Community Impact
Honoring His Wife’s Generous Spirit
Jim Frawley may be 95 but you’d never know it. He’s upbeat and his mind is as responsive as anyone half his age.
What’s as remarkable is that he was married for 72 years to the same woman. His long-term relationship with his wife, Eleanor, is something in which he takes pride since quickly changing wives, workplaces and everything else has become the norm.
“She had such a pleasant disposition, nothing phased her,” says Jim. This quality made her a wonderful spouse, and sought-after friend and volunteer for their church, St. Dominic in Southington.
“Eleanor was so humble and really lived her faith,” said Mary Anne Plourde, liturgy lay minister. “Their support of the Community Learning Center showed the generous heart yet vision she had.”
Their long life together included a separation when Jim served for three years in the Navy during WWII and lean times afterward. Fortunately, this was followed by his successful 31-year career at Fafnir Bearing in New Britain.

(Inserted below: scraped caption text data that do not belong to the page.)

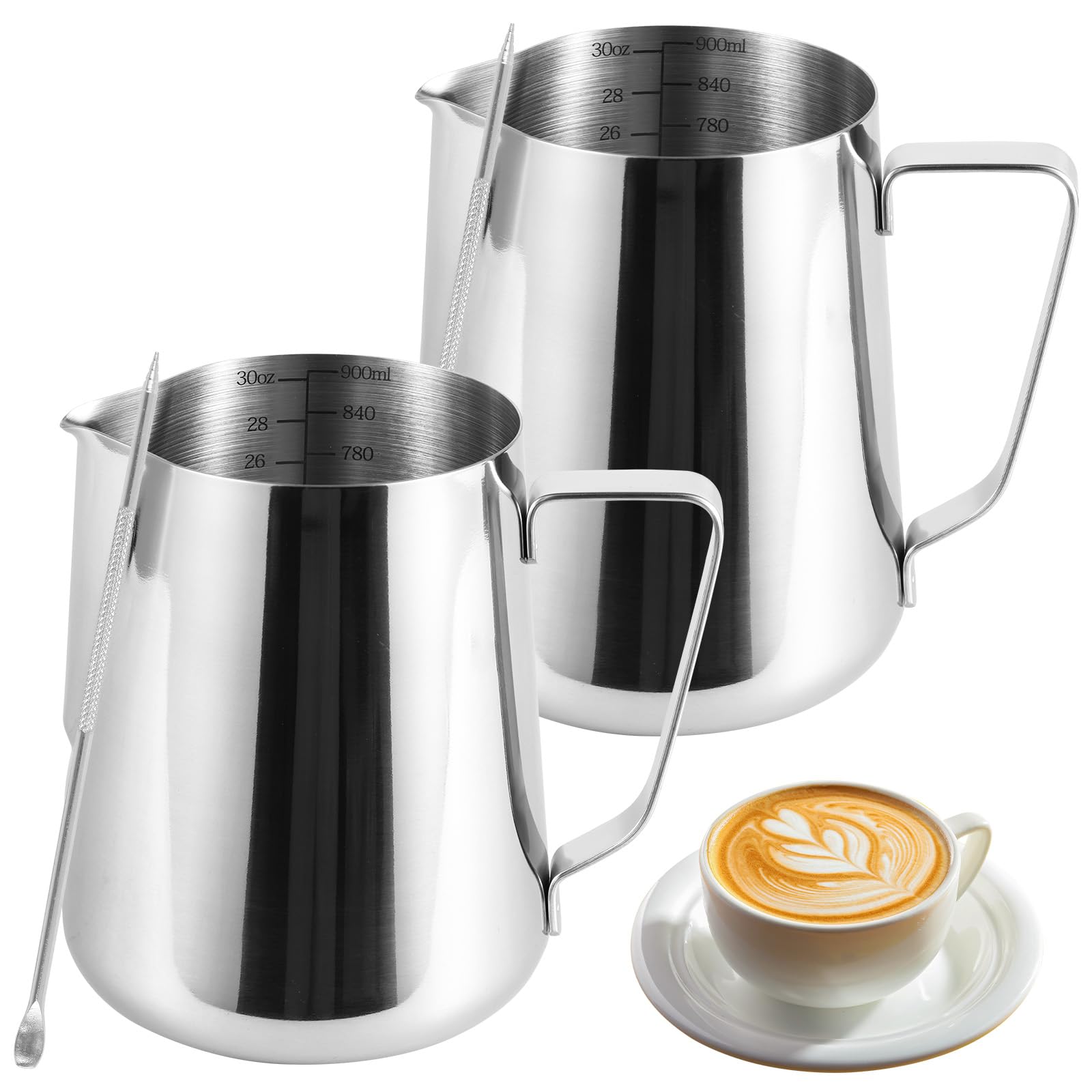 Jarra TMWEFUSC para leche de 900 ml, vertido suave para espumar.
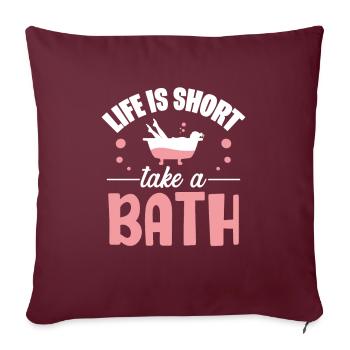 Baignoire salle de bain - Housse de coussin décorative 45 x 45 cm - bordeaux - Devant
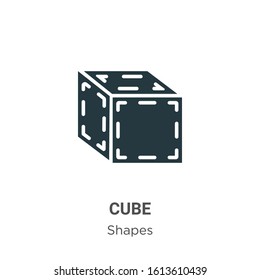 Cube  glyph icon vector on white background. Flat vector cube  icon symbol sign from modern shapes collection for mobile concept and web apps design.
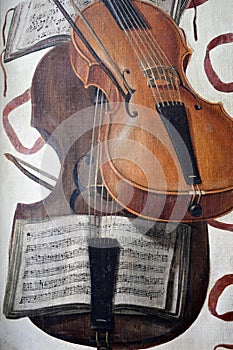 Violine and music sheet. Fragment of painting in Hermitage, Saint Petersburg, Russia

At the end of each day Jim worked on their house. This haven would become the base for all they loved to do together. Its basement is sectioned off with a cold room for the goods they canned and wine Jim has made each year for the past 50. It has a “cook” room where Jim made fresh pasta, a woodworking area, and a rec room where Jim, who taught himself guitar, and other musician friends had great times playing country music.
The couple’s love of country led them to Nashville each year for the Steel Guitar Convention, and they visited nearly every state in the U.S.
“We didn’t travel overseas,” Jim explains. “Eleanor said there was so much to see here and she was so easy to please.”
In many ways she was the perfect partner—an expert cook and baker, good housekeeper and gardener, and she worked to help with expenses and had her own hobbies. She was left handed and taught herself to knit and crochet. Over the years she made hundreds of throws, sweaters and sought-after, intricate doll outfits, yet enjoyed giving them away as much as making them.
Shortly after she passed in 2009, grateful for the kindness he experienced having such a loving partner and to honor her giving nature, Jim set up the Jim and Eleanor Frawley Fund with the Main Street Community Foundation. The unrestricted fund will share the blessings they’ve known with many others. Something she would have done.